ABOUT THIS EXERCISE. Could you set down exactly the lines of the data below, starting at the one that holds "cara menemukan search intent yang tepat" and ending at the one that holds "rummy palace apk", both included, and only those?

[Stored data entries]
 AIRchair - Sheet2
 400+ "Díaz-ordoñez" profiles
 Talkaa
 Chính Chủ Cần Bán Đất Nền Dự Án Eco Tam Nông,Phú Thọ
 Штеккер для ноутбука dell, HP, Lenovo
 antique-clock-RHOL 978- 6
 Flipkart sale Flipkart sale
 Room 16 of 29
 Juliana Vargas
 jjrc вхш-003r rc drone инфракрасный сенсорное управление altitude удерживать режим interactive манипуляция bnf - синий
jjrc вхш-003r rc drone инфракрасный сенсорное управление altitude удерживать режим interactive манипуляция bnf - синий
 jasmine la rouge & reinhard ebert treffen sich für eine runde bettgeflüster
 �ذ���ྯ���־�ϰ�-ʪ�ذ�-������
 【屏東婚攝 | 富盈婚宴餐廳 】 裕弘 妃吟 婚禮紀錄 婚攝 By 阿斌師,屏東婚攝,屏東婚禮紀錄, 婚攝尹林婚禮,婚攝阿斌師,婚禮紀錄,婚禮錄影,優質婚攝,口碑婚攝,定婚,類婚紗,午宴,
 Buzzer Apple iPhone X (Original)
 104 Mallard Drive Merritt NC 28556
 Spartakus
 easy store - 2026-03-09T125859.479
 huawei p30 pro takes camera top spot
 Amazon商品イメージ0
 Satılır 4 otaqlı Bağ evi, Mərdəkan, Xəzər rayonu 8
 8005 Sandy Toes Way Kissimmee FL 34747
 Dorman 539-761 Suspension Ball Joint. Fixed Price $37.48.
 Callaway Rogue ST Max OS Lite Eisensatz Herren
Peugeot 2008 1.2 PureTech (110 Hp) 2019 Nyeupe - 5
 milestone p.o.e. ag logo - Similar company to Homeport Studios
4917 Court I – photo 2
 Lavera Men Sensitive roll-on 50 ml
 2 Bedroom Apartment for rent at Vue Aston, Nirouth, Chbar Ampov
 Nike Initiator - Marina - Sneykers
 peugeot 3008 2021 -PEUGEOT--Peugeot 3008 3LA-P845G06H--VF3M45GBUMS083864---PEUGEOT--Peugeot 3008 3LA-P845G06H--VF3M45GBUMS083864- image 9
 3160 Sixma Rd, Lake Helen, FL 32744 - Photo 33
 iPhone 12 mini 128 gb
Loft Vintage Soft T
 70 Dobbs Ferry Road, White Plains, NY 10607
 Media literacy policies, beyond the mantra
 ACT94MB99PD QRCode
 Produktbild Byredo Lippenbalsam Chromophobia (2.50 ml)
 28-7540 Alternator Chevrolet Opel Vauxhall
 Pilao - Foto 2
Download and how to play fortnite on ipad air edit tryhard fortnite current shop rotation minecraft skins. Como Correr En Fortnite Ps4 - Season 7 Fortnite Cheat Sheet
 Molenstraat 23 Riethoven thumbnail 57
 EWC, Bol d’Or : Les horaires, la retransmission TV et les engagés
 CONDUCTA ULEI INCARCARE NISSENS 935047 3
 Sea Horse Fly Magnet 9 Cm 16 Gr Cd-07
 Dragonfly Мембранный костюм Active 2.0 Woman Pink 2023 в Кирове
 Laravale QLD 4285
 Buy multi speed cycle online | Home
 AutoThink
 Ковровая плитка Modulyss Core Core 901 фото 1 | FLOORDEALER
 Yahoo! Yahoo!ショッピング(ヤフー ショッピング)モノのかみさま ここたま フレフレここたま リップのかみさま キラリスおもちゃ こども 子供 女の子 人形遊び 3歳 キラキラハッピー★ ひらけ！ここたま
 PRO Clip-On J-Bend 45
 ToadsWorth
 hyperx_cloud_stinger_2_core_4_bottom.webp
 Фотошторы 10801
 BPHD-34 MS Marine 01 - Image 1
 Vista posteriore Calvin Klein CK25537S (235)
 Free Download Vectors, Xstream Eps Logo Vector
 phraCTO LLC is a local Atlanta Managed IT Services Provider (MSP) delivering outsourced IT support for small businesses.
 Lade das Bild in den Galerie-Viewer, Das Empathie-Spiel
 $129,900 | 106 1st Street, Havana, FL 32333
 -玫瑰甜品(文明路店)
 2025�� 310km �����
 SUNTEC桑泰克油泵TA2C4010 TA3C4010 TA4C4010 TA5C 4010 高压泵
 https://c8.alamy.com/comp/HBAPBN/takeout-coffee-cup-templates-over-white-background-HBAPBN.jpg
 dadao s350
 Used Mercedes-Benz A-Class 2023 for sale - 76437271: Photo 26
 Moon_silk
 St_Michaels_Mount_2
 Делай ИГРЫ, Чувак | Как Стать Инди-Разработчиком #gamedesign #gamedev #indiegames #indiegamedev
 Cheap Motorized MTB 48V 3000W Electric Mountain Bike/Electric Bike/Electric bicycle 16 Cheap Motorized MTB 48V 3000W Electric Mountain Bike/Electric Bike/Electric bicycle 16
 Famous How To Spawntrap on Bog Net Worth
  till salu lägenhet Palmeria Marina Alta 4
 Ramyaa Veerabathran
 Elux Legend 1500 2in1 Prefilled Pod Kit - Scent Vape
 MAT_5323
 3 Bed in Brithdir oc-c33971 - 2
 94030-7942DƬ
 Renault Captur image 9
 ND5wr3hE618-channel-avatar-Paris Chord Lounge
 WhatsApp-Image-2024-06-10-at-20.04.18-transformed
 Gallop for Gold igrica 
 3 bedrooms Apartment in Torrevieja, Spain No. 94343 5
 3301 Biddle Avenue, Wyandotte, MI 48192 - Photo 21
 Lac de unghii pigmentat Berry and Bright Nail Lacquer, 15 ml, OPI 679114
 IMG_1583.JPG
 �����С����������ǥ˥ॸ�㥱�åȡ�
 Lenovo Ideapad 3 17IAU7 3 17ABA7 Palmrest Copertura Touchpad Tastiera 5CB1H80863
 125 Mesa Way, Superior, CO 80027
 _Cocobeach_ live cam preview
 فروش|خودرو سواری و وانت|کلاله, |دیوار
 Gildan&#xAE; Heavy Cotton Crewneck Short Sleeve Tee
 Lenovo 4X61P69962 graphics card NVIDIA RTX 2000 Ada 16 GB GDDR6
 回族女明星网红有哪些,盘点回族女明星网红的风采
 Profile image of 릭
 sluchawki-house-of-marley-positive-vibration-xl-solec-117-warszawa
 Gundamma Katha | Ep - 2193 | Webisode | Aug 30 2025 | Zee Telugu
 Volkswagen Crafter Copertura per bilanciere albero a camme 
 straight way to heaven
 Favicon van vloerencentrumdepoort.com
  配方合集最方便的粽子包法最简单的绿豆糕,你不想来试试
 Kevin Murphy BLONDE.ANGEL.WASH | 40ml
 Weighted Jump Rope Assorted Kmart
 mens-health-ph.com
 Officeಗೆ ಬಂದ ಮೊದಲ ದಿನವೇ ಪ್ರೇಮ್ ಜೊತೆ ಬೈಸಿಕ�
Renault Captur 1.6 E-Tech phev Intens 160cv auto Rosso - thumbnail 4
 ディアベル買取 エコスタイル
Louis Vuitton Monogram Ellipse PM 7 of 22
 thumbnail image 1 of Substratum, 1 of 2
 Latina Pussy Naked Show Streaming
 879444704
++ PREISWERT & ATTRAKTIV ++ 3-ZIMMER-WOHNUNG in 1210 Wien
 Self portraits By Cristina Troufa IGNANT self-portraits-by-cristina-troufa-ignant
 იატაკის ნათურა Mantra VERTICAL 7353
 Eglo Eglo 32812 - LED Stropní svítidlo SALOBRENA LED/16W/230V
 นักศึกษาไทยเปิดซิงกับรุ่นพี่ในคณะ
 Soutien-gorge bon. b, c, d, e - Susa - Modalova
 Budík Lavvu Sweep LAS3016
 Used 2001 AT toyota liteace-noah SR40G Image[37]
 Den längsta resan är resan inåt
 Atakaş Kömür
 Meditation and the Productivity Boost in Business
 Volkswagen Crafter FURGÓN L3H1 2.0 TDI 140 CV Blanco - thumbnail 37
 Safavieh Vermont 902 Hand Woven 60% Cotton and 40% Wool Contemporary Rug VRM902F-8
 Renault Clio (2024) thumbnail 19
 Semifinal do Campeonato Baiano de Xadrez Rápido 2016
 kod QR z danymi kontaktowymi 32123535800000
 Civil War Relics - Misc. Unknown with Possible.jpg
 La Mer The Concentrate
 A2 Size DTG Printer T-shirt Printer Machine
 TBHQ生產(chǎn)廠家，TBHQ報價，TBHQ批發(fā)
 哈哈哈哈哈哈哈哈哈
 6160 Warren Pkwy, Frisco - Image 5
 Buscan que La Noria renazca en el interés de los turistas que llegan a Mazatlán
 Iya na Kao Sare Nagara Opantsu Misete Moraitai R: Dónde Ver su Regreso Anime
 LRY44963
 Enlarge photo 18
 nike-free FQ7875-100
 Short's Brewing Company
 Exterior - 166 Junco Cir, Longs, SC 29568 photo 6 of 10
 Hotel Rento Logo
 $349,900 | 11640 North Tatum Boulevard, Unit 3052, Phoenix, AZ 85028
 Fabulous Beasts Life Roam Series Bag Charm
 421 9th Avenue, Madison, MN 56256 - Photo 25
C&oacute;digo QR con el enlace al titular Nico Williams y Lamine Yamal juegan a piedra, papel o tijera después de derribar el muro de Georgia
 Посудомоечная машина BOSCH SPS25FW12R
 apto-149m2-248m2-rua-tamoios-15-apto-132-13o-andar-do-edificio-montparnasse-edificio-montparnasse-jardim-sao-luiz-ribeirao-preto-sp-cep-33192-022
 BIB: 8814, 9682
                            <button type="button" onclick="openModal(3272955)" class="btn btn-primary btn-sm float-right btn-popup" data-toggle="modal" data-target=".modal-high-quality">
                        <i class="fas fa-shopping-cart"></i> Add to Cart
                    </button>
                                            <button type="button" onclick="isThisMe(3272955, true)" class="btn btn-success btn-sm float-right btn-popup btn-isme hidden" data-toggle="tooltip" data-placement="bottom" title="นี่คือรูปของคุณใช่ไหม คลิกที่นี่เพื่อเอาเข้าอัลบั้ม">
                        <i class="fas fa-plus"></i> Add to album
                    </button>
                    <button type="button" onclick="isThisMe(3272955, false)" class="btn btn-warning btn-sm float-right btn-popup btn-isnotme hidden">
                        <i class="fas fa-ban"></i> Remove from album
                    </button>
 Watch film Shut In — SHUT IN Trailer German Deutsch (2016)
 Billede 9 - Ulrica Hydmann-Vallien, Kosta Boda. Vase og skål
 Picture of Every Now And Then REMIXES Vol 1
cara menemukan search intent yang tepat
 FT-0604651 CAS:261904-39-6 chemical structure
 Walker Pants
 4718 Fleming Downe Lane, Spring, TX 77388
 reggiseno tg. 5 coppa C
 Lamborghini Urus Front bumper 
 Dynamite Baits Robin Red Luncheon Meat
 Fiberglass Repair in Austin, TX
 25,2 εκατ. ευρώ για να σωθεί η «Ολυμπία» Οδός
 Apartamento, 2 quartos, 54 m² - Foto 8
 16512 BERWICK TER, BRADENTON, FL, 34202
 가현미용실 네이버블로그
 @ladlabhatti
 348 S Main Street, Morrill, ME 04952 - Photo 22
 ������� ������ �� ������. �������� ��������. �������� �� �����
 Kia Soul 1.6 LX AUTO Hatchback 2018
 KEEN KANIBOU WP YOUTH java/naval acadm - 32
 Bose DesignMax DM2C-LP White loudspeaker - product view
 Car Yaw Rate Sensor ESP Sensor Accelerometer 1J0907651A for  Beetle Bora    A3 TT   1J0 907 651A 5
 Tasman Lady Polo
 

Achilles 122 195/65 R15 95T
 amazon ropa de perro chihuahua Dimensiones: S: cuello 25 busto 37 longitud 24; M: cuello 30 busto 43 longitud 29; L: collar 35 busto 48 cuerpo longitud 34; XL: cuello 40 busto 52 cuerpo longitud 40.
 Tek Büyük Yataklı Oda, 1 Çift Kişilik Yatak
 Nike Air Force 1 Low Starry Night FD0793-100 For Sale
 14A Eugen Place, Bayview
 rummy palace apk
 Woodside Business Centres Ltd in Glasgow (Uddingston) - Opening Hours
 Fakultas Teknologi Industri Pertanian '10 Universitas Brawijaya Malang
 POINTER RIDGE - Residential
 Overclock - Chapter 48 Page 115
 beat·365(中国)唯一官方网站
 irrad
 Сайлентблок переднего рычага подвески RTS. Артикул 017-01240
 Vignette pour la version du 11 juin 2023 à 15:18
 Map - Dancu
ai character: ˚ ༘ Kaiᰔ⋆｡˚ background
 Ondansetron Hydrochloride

OUTPUT OF THE EXERCISE.
cara menemukan search intent yang tepat
 FT-0604651 CAS:261904-39-6 chemical structure
 Walker Pants
 4718 Fleming Downe Lane, Spring, TX 77388
 reggiseno tg. 5 coppa C
 Lamborghini Urus Front bumper 
 Dynamite Baits Robin Red Luncheon Meat
 Fiberglass Repair in Austin, TX
 25,2 εκατ. ευρώ για να σωθεί η «Ολυμπία» Οδός
 Apartamento, 2 quartos, 54 m² - Foto 8
 16512 BERWICK TER, BRADENTON, FL, 34202
 가현미용실 네이버블로그
 @ladlabhatti
 348 S Main Street, Morrill, ME 04952 - Photo 22
 ������� ������ �� ������. �������� ��������. �������� �� �����
 Kia Soul 1.6 LX AUTO Hatchback 2018
 KEEN KANIBOU WP YOUTH java/naval acadm - 32
 Bose DesignMax DM2C-LP White loudspeaker - product view
 Car Yaw Rate Sensor ESP Sensor Accelerometer 1J0907651A for  Beetle Bora    A3 TT   1J0 907 651A 5
 Tasman Lady Polo
 

Achilles 122 195/65 R15 95T
 amazon ropa de perro chihuahua Dimensiones: S: cuello 25 busto 37 longitud 24; M: cuello 30 busto 43 longitud 29; L: collar 35 busto 48 cuerpo longitud 34; XL: cuello 40 busto 52 cuerpo longitud 40.
 Tek Büyük Yataklı Oda, 1 Çift Kişilik Yatak
 Nike Air Force 1 Low Starry Night FD0793-100 For Sale
 14A Eugen Place, Bayview
 rummy palace apk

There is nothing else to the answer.